Task:
Begin the copy at the line containing "Ring - Round" and end it at the final line of the material below, reproducing each line exactly, without images.

Material for the task:
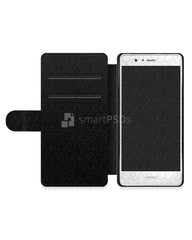Huawei P9 Lite 2d Wallet Mobile Case Design Mockup 2016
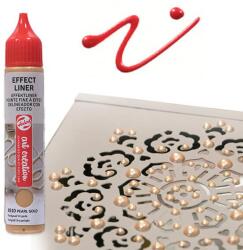 Talens Art Creation Effect Liner, univerzális 3D festéktoll, 28 ml - 8505 Pearl red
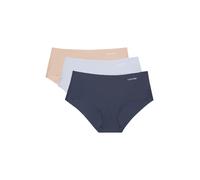 Calvin Klein Underwear Slip 'Invisibles' beige / bleu marine / bleu clair, Taille XS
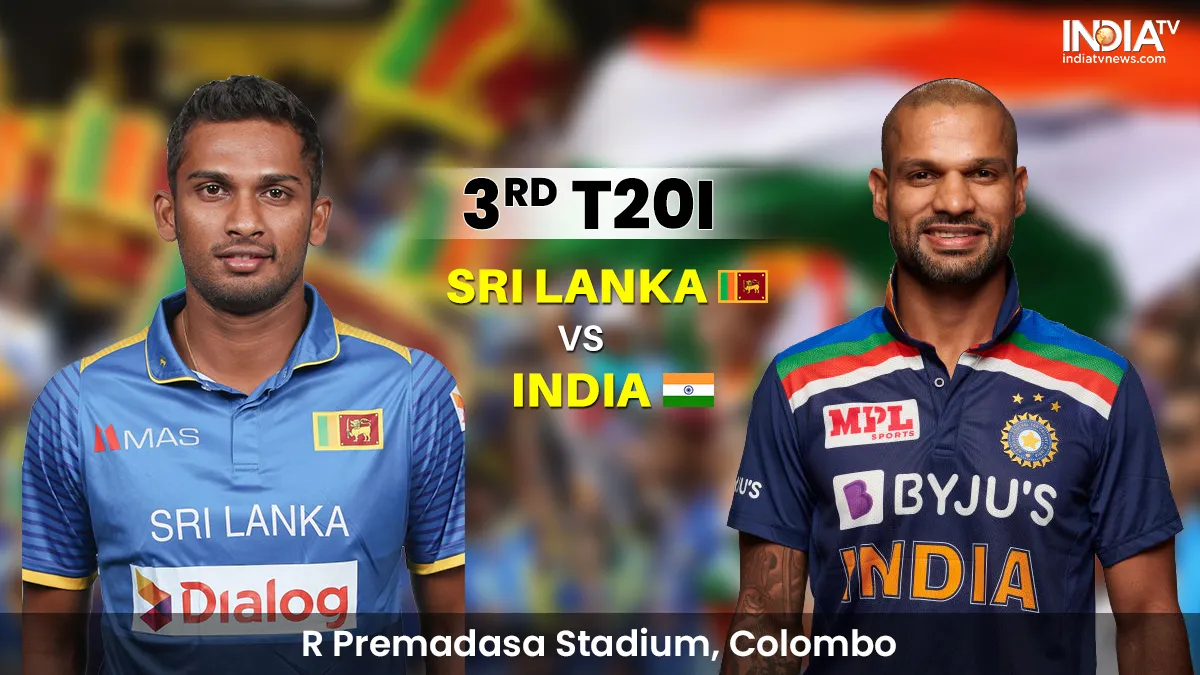 Live Streaming Cricket India vs Sri Lanka 3rd T20I When and Where To Watch IND vs SL Live Cricket Ma- India TV Hindi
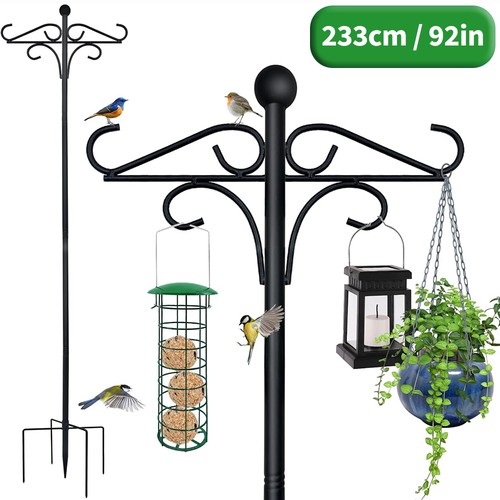 Bird feeder pole stand 233cm - feeder,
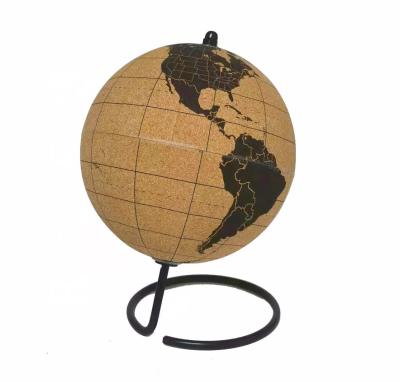 Percevejos naturais do marcador de Cork Globe Pinboard Track Travels de viajante de mundo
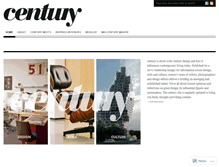 Tablet Screenshot of centuryblog.wordpress.com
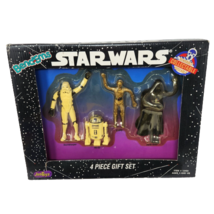 Vintage 1993 Justoys Star Wars BEND-EMS 4 Piece Gift Set New In Box Sealed - £29.57 GBP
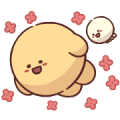 Cute and Confident! Dow-Dow Sticker for LINE & WhatsApp | ZIP: GIF & PNG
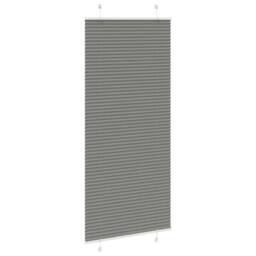 Berkfield Home Pleated Blind Anthracite 95x200 cm Fabric Width 94.4 cm Polyester in Dark Grey - thumbnail 4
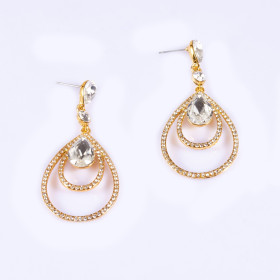 Graceful Teardrop Clear Earrings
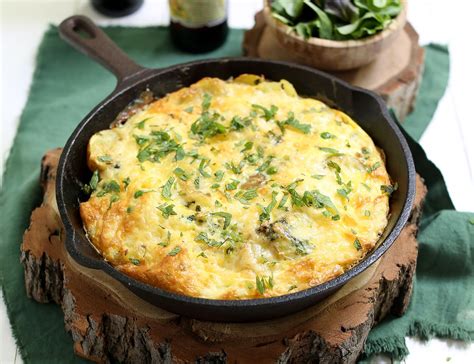 Pea Potato And Cheddar Frittata Recipe Abel And Cole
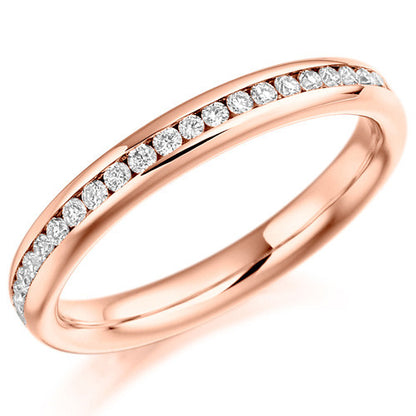 Ring - Round brilliant cut diamond channel set full eternity ring, 0.50ct  - PA Jewellery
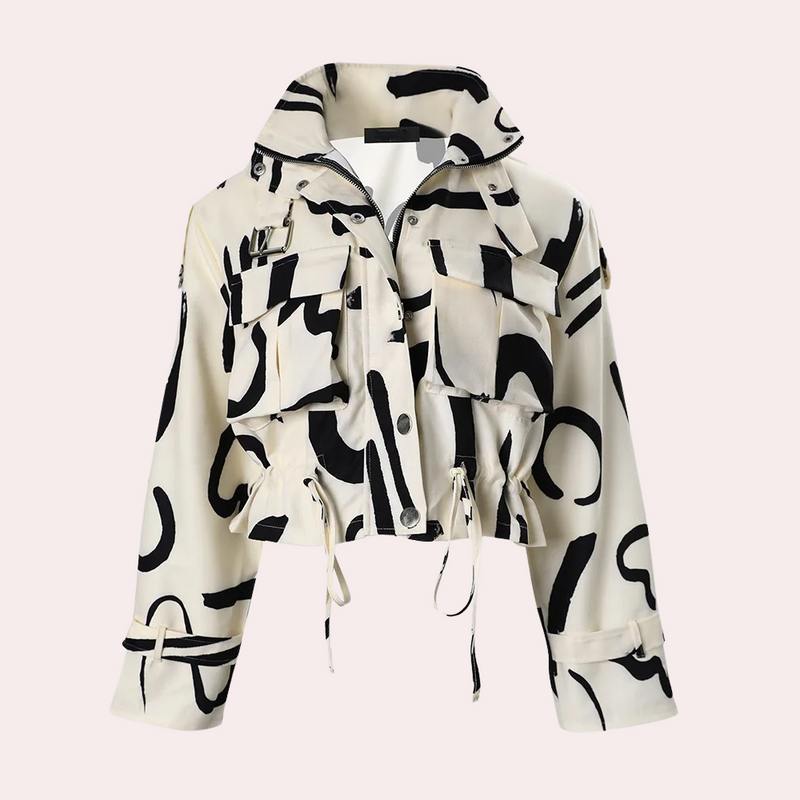 Klassisch gestaltete Jacke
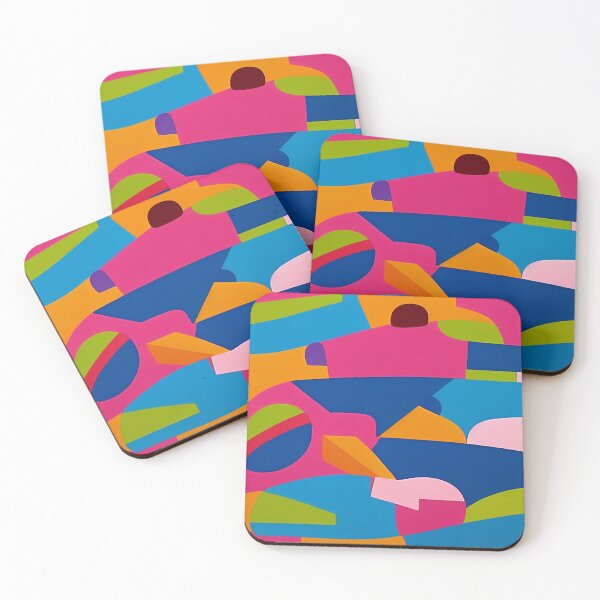 Item preview, Colorful multicolor abstract shapes organic geometric patterns 75 designed and sold by vishalraifx.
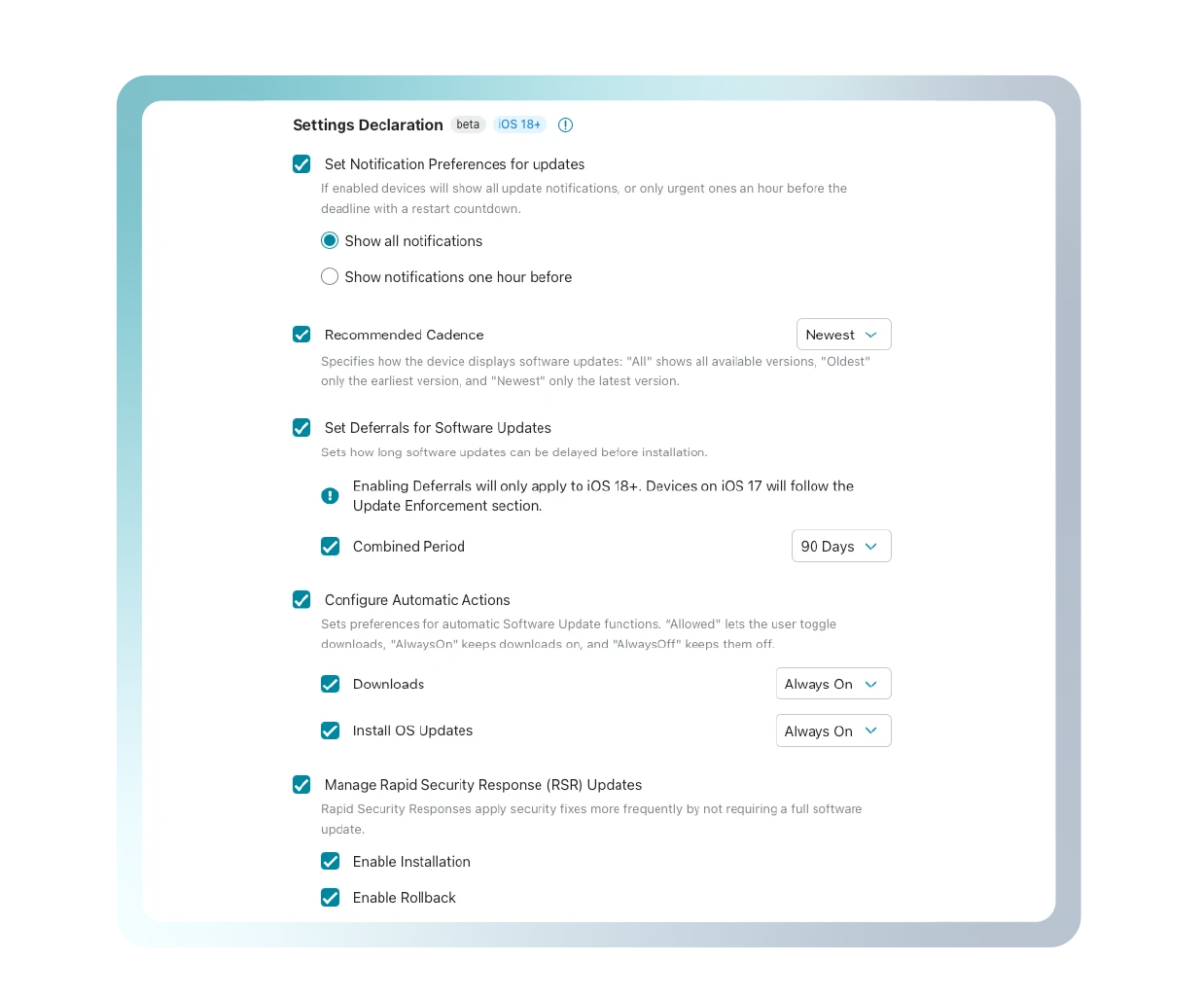 Declarative iOS  Addigy 2025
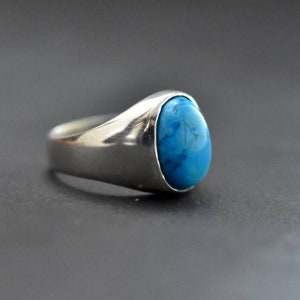 Natural Arizona Turquoise Ring, Turquoise Ring, Gemstone Ring, 925 ...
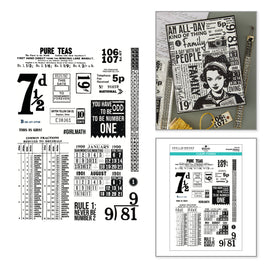 Keepsake Numbers Clear Stamp Set by Esther Glas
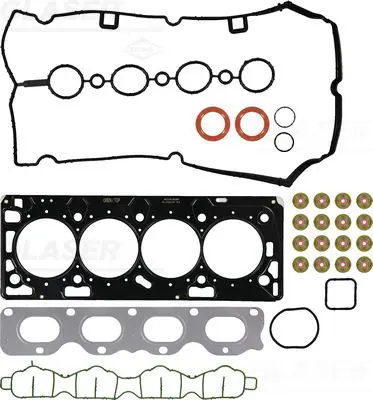 Handler.Part Gasket set, cylinder head GLASER D3708800 1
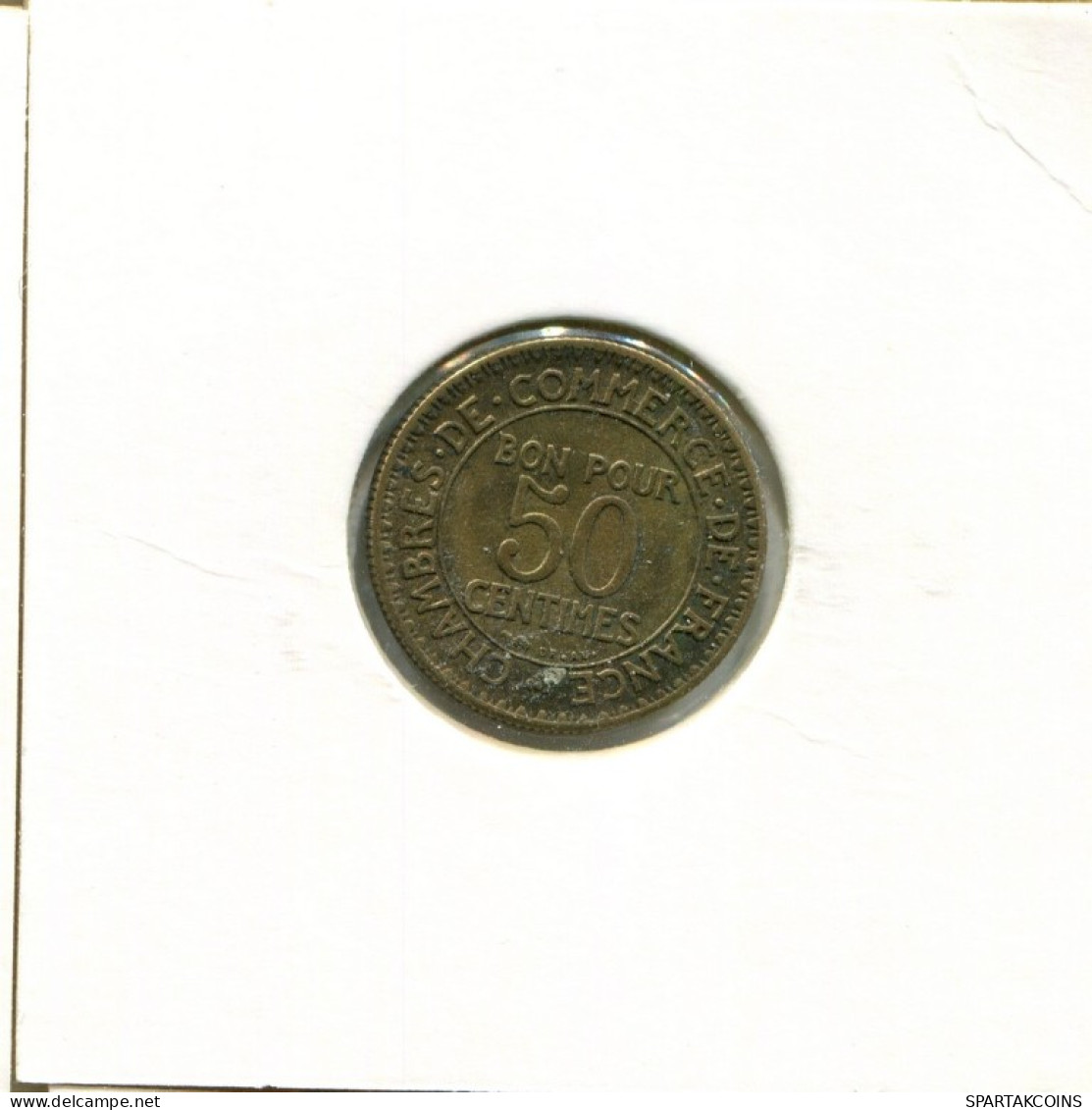 50 CENTIMES 1922 FRANCIA FRANCE Moneda #AK935.E.A - 50 Centimes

Task solution:
 Ring - Round brilliant cut diamond channel set full eternity ring, 0.50ct  - PA Jewellery
 Klassisch gestaltete Jacke
 Item preview, Colorful multicolor abstract shapes organic geometric patterns 75 designed and sold by vishalraifx.
 Declarative iOS  Addigy 2025
 Natural Arizona Turquoise Ring, Turquoise Ring, Gemstone Ring, 925 ...
 Keepsake Numbers Clear Stamp Set by Esther Glas
 Handler.Part Gasket set, cylinder head GLASER D3708800 1
 50 CENTIMES 1922 FRANCIA FRANCE Moneda #AK935.E.A - 50 Centimes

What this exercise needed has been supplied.